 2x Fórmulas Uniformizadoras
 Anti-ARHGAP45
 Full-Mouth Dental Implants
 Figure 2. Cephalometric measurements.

* What is required *
Set the whole listing down again, unchanged.

* Result *
 2x Fórmulas Uniformizadoras
 Anti-ARHGAP45
 Full-Mouth Dental Implants
 Figure 2. Cephalometric measurements.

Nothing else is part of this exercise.